Distributed Denial of Service Attack Detection in Software-Defined Networks Using Decision Tree Algorithms

A software-defined network (SDN) is a new architecture approach for constructing and maintaining networks with the main goal of making the network open and programmable. This allows the achievement of specific network behavior by updating and installing software, instead of making physical changes to the network. Thus, SDNs allow far more flexibility and maintainability compared to conventional device-dependent architectures. Unfortunately, like their predecessors, SDNs are prone to distributed denial of service (DDoS) attacks. These attack paralyze networks by flooding the controller with bogus requests. The answer to this problem is to ignore machines in the network sending these requests. This can be achieved by incorporating classification algorithms that can distinguish between genuine and bogus requests.
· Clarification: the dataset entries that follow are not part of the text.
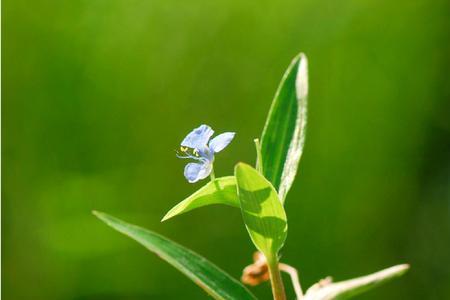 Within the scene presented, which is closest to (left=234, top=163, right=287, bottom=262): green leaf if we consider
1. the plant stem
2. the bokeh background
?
the plant stem

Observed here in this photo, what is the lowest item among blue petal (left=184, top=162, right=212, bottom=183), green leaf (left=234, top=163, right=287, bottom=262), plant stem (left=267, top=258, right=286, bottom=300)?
plant stem (left=267, top=258, right=286, bottom=300)

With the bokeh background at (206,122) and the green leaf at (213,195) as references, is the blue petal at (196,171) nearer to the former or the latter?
the green leaf at (213,195)

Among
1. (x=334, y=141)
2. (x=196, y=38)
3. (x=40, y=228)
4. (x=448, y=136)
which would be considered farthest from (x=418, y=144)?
(x=40, y=228)

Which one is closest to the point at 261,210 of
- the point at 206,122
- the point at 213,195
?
the point at 213,195

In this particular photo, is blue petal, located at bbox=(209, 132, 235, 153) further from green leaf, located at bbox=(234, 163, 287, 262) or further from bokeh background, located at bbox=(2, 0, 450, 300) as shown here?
bokeh background, located at bbox=(2, 0, 450, 300)

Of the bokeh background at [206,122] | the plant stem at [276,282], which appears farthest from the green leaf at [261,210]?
the bokeh background at [206,122]

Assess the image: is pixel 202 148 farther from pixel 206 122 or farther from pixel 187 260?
pixel 206 122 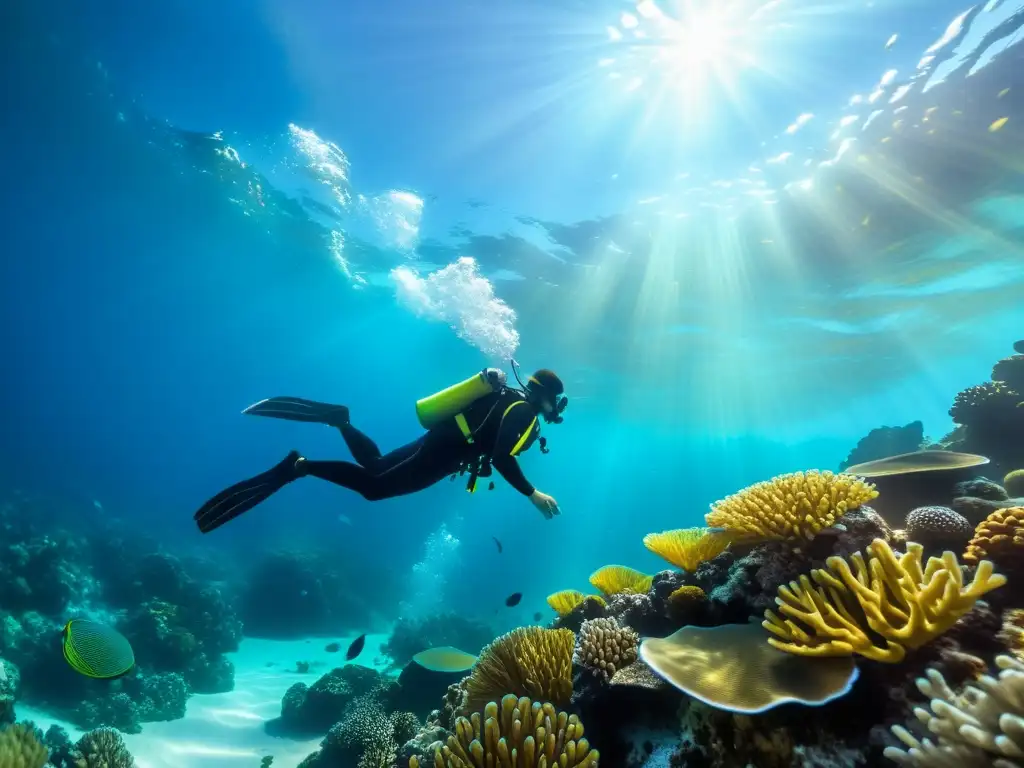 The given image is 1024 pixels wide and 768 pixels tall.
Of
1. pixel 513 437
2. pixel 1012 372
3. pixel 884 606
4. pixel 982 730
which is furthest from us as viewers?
pixel 1012 372

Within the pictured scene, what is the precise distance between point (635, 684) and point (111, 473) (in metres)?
93.1

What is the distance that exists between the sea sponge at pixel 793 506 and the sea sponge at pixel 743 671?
741 millimetres

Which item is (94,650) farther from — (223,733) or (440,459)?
(223,733)

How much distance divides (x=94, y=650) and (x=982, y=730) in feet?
22.4

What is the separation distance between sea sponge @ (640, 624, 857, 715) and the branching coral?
0.38m

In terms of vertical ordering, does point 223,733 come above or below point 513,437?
below

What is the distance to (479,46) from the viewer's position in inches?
541

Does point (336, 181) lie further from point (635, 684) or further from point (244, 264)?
point (635, 684)

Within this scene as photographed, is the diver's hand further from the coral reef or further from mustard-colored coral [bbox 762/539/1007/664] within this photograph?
the coral reef

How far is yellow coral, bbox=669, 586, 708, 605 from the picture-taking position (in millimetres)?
3602

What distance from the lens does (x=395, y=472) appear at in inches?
226

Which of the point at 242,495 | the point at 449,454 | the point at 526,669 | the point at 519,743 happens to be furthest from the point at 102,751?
the point at 519,743

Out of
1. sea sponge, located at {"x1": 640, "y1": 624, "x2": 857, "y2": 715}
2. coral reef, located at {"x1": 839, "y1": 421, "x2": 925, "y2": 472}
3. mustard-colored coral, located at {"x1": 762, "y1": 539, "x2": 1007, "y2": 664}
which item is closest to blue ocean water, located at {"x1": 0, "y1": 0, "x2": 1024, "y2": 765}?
coral reef, located at {"x1": 839, "y1": 421, "x2": 925, "y2": 472}

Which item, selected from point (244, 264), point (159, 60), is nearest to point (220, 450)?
point (244, 264) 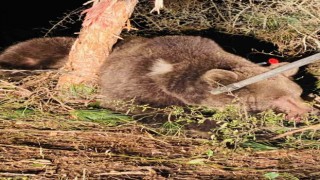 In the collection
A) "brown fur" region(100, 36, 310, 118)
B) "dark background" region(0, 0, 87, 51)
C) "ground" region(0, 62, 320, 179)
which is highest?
"dark background" region(0, 0, 87, 51)

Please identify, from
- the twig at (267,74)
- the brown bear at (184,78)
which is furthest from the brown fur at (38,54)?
the twig at (267,74)

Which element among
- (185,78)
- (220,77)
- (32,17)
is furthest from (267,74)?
(32,17)

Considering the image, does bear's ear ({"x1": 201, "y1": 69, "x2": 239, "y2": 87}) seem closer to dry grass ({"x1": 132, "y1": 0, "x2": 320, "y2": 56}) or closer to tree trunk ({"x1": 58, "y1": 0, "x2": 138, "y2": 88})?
tree trunk ({"x1": 58, "y1": 0, "x2": 138, "y2": 88})

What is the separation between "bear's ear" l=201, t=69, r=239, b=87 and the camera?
4.38 metres

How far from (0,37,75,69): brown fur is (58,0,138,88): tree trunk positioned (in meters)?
0.46

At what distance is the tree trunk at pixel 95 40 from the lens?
479cm

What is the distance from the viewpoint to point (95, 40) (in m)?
4.92

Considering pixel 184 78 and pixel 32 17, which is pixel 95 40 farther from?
pixel 32 17

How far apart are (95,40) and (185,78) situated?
3.21 ft

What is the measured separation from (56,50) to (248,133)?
2610 mm

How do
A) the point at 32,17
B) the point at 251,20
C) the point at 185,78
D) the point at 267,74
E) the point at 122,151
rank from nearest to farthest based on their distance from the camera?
the point at 122,151, the point at 267,74, the point at 185,78, the point at 251,20, the point at 32,17

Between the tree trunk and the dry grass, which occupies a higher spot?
the dry grass

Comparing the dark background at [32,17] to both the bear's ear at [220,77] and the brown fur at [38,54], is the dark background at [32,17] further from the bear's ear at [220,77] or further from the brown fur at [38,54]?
the bear's ear at [220,77]

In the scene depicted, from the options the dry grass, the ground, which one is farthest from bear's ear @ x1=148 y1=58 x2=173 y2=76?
the dry grass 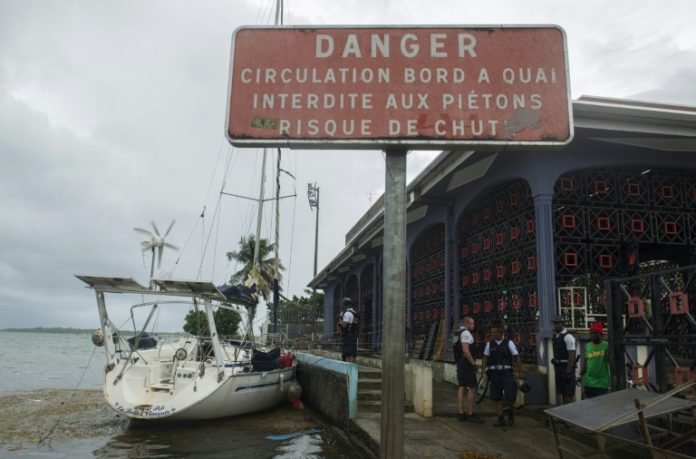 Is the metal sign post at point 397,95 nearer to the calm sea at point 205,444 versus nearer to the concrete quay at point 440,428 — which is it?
the concrete quay at point 440,428

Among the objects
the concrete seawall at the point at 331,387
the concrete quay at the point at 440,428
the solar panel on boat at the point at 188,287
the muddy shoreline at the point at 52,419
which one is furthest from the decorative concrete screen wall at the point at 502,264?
the muddy shoreline at the point at 52,419

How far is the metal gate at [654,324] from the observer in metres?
4.96

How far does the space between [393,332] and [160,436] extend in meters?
7.51

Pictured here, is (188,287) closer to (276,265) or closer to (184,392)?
(184,392)

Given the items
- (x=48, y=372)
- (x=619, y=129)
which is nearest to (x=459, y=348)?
(x=619, y=129)

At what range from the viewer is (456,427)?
27.2ft

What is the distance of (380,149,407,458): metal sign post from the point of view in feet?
12.6

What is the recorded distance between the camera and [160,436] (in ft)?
32.0

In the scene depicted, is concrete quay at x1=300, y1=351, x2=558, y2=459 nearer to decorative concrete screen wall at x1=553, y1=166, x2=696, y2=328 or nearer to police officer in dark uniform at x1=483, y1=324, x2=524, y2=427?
police officer in dark uniform at x1=483, y1=324, x2=524, y2=427

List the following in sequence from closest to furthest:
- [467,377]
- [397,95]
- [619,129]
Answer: [397,95], [467,377], [619,129]

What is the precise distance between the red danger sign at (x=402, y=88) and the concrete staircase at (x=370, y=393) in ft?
20.8

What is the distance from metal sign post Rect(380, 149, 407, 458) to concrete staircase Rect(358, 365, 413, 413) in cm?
566

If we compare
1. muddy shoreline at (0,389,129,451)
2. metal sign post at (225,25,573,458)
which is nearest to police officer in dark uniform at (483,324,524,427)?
metal sign post at (225,25,573,458)

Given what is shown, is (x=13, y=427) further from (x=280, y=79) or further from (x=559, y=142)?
(x=559, y=142)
There is abundant literature on the application of such algorithms on conventional networks. However, because SDNs are relatively new, they lack such abundance both in terms of novel algorithms and effective datasets when it comes to DDoS attack detection. To address these issues, the present study analyzes several variants of the decision tree algorithm for detection of DDoS attacks while using two recently proposed datasets for SDNs. The study finds that a decision tree constructed with a hill climbing approach, termed the greedy decision tree, iteratively adds features on the basis of model performance and provides a simpler and more effective strategy for the detection of DDoS attacks in SDNs when compared with recently proposed schemes in the literature. Furthermore, stability analysis of the greedy decision tree provides useful insights about the performance of the algorithm. One edge that greedy decision tree has over several other methods is its enhanced interpretability in conjunction with higher accuracy.